▶ EXERCISE BRIEF: From the line containing "Taniche giocattolo sulla" through the last line of the records below, each line is to be repeated exactly; pictures are to be omitted.

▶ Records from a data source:
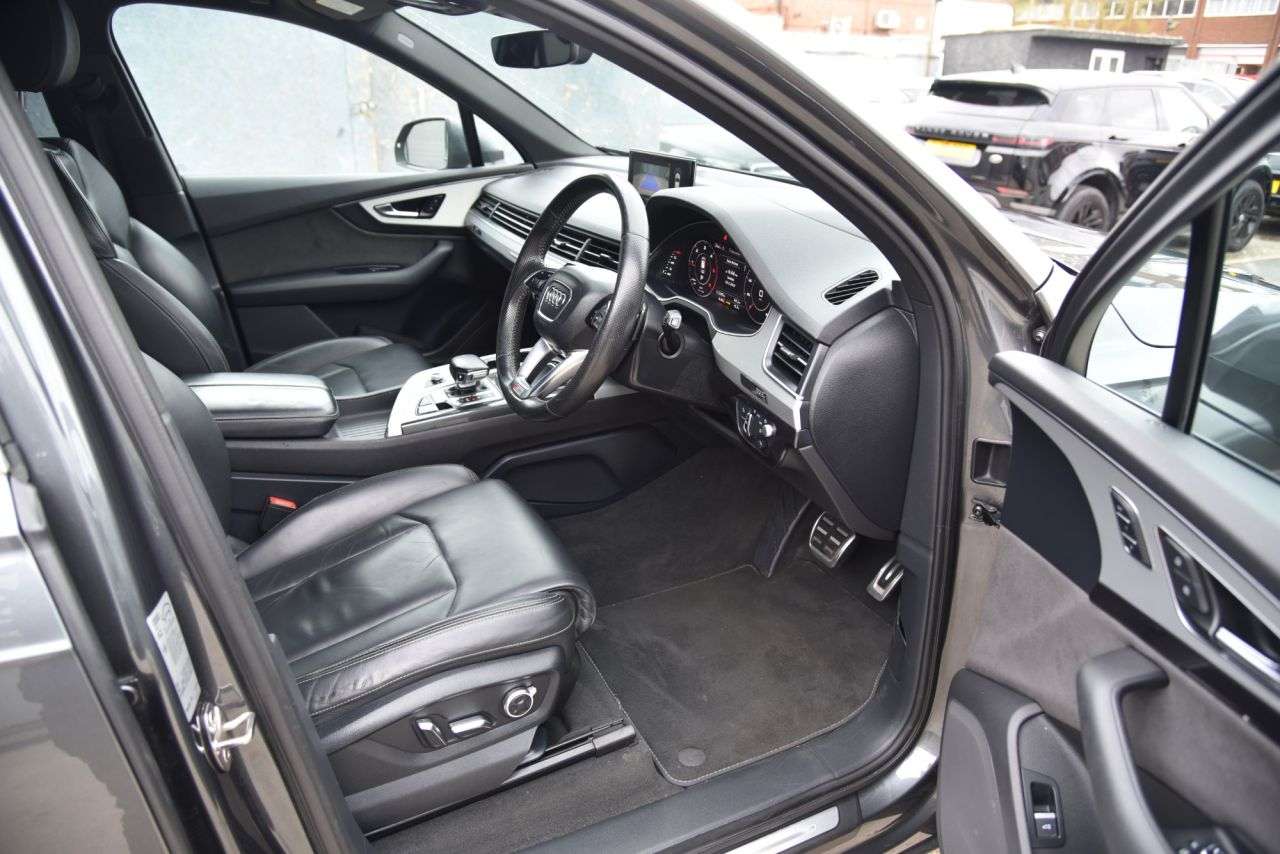 2016 AUDI Q7 2016 AUDI Q7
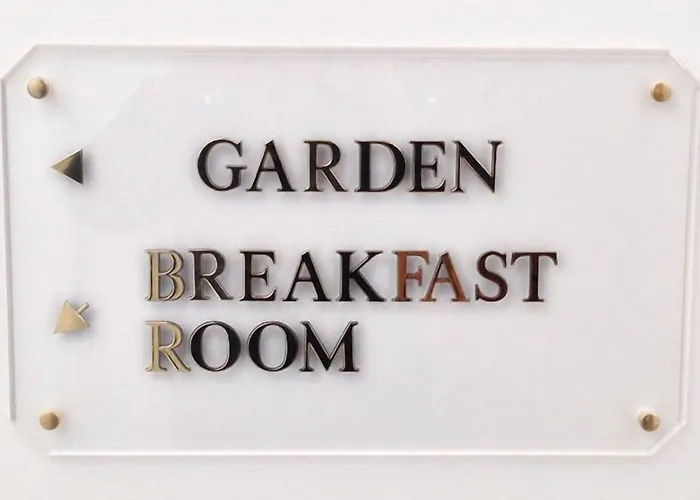 Select Garden 3* Roma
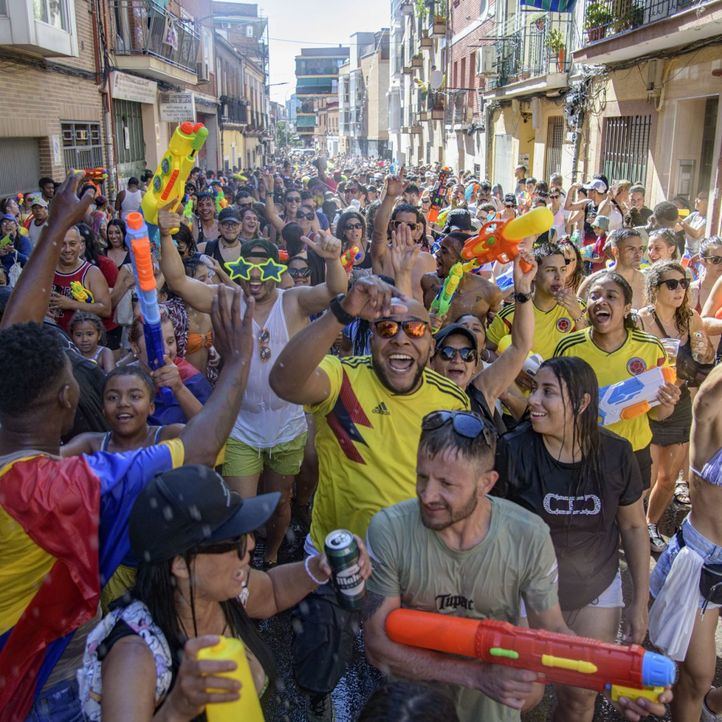 La Batalla Naval de Vallekas vuelve a llenar de agua las calles bajo el lema “Mójate y desarma el fascismo”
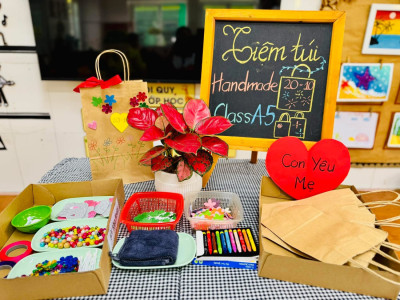 ❤️CÁC BÉ LỚP A5 CHÚC MỪNG NGÀY 20.10 ! NGÀY CỦA NHỮNG ĐOÁ HOA XINH ĐẸP ❤️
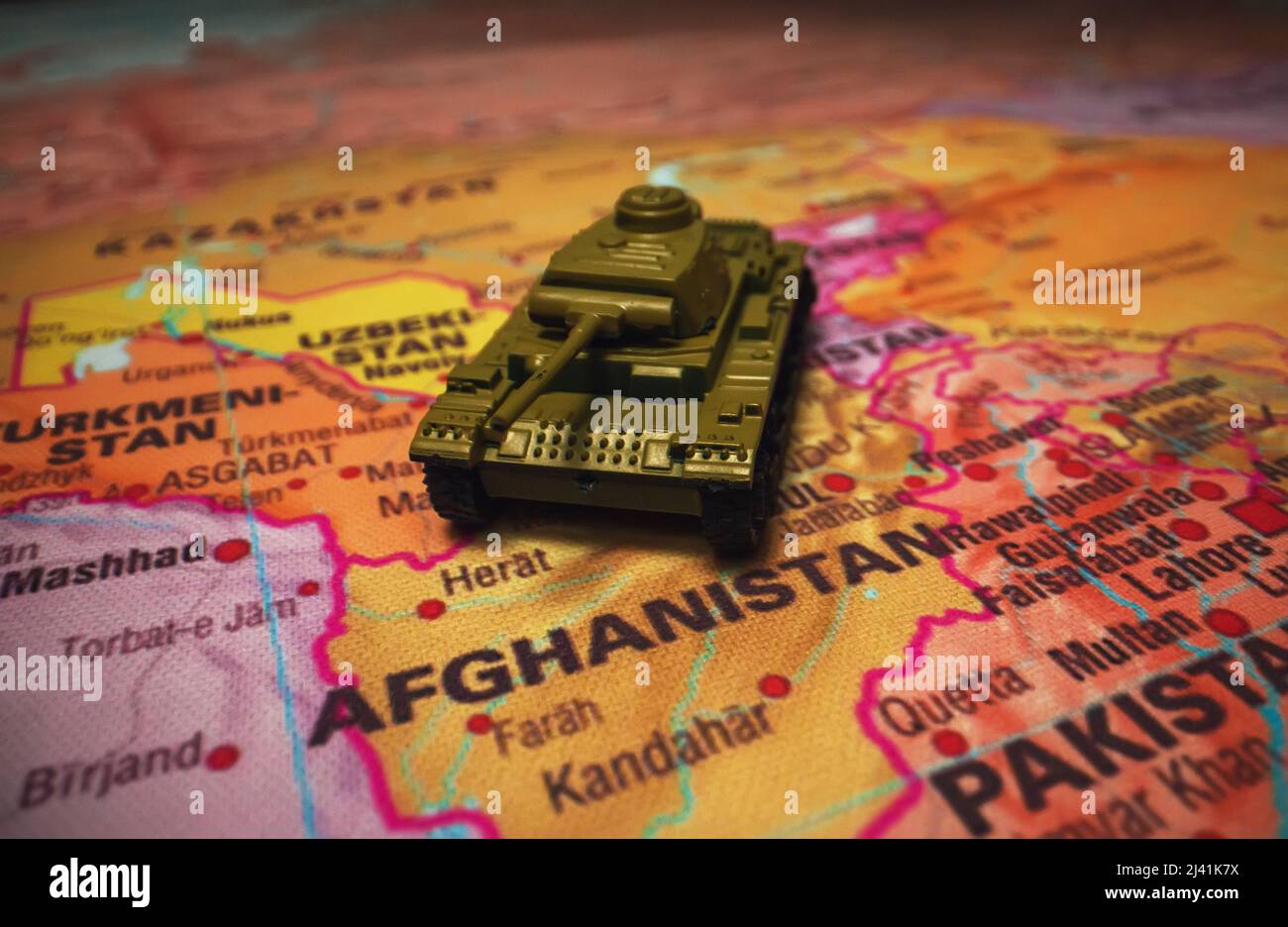 Taniche giocattolo sulla mappa. Conflitto armato in Medio Oriente in Afghanistan. Foto Stock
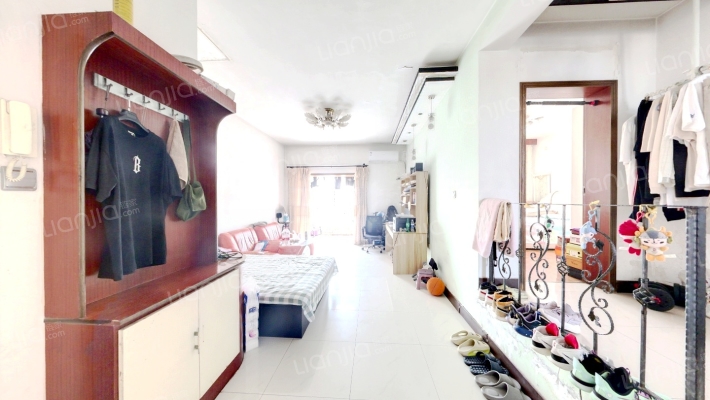 蓝天花园二手房实景图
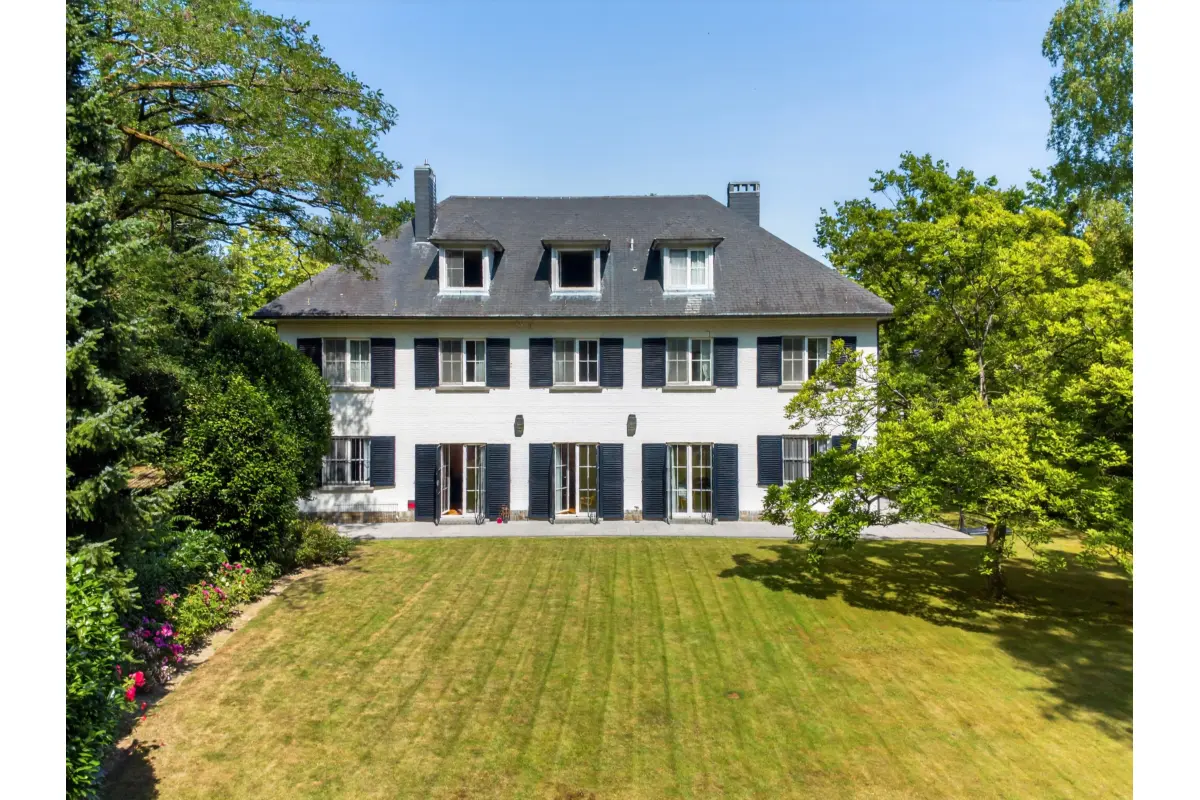 Huis te  koop in Kraainem 1950 1850000.00€ 7 slaapkamers 513.00m² - Zoekertje 657237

▶ TASK OUTPUT:
 Taniche giocattolo sulla mappa. Conflitto armato in Medio Oriente in Afghanistan. Foto Stock
 蓝天花园二手房实景图
 Huis te  koop in Kraainem 1950 1850000.00€ 7 slaapkamers 513.00m² - Zoekertje 657237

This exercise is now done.